When we moved to Illinois, I was instantly aware that we were entering the Land of Lincoln because of them. His leftover presence or memory bathed the whole land for me in a sort of immortal or legendary aura, or glow. He was the reason I would join the Blue Devil high school wrestling team here in Illinois, because I knew Old Honest Abe himself had been a wrestler, an individual who took on the bad guys even then (in my mind they were the bad guys).

One of my earliest memories is of crossing the river, in a car, on a bridge.
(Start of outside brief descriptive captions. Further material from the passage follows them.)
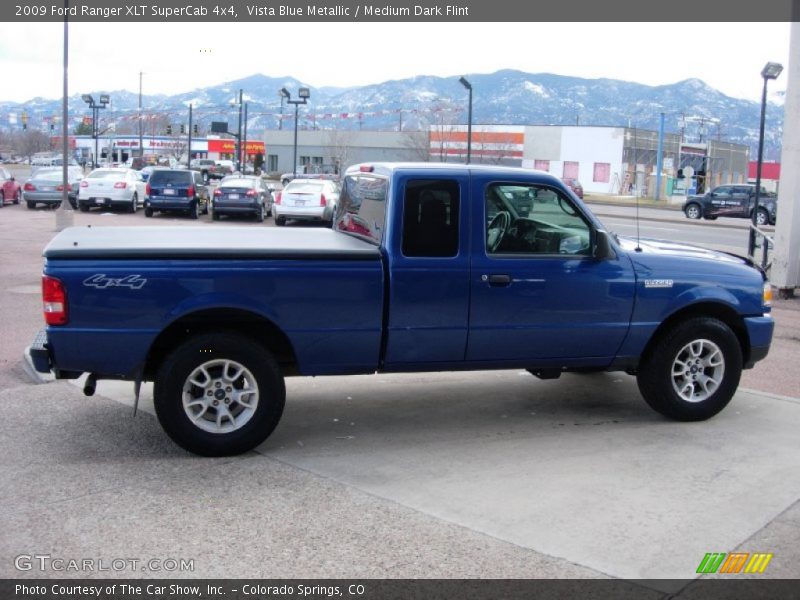 Vista Blue Metallic / Medium Dark Flint 2009 Ford Ranger XLT SuperCab 4x4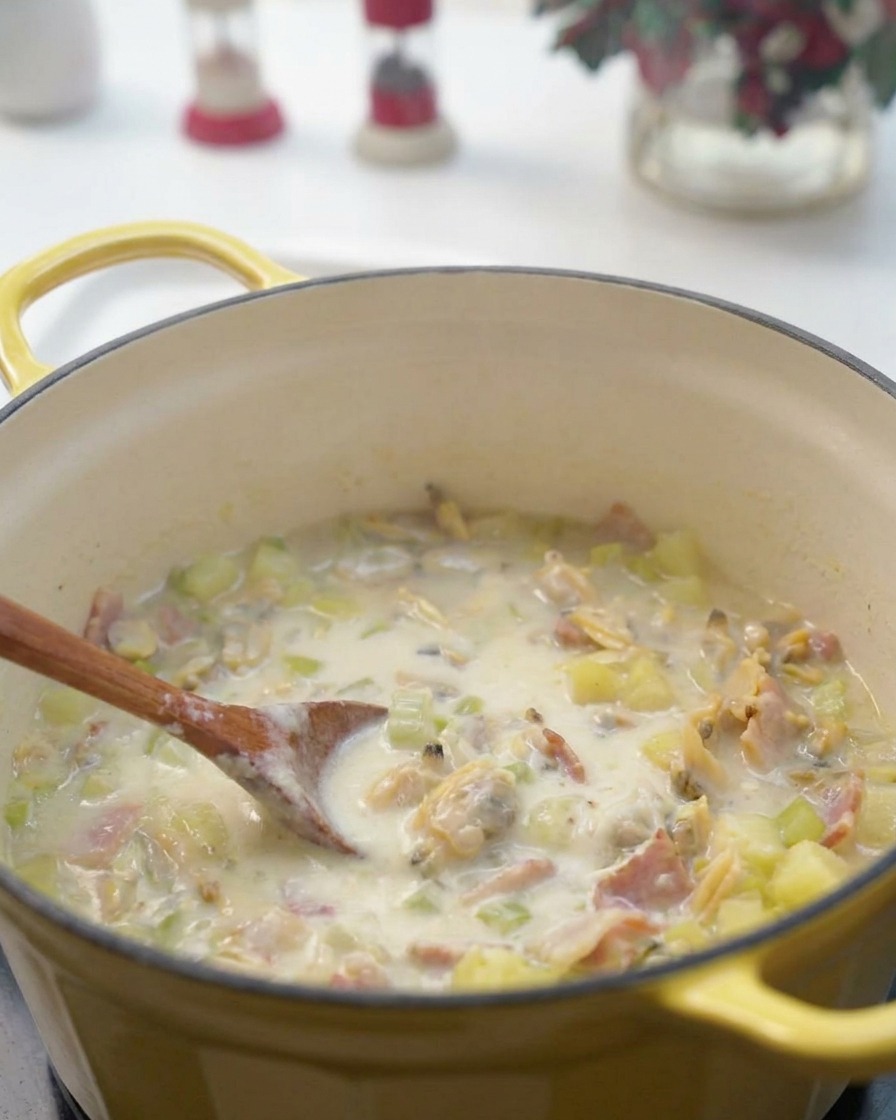 Eine glatte, dicke weiße Sauce wird in einem stetigen Strom in den Topf mit der Suppenbasis gegossen.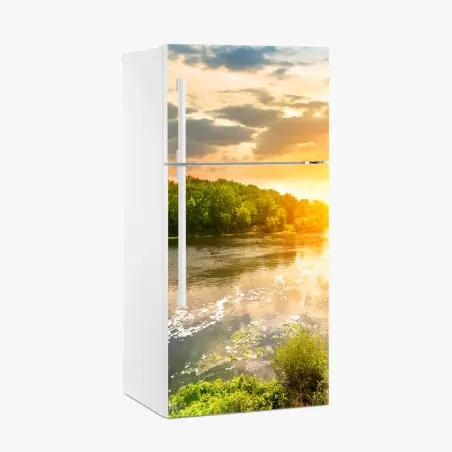 Pegatina para frigorífico puesta de sol sobre el río sereno – Pixers®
We still lived in Michigan then and were on a family trip to the West. Dad was driving, and mom was pointing out the window, explaining why the river was so legendary.

The deep country in that part of Illinois surrounding America’s largest river is a mythological land that is yet or again unknown to many, but one day may become much more central to America again (despite its being in the center), because of all the fresh water it contains.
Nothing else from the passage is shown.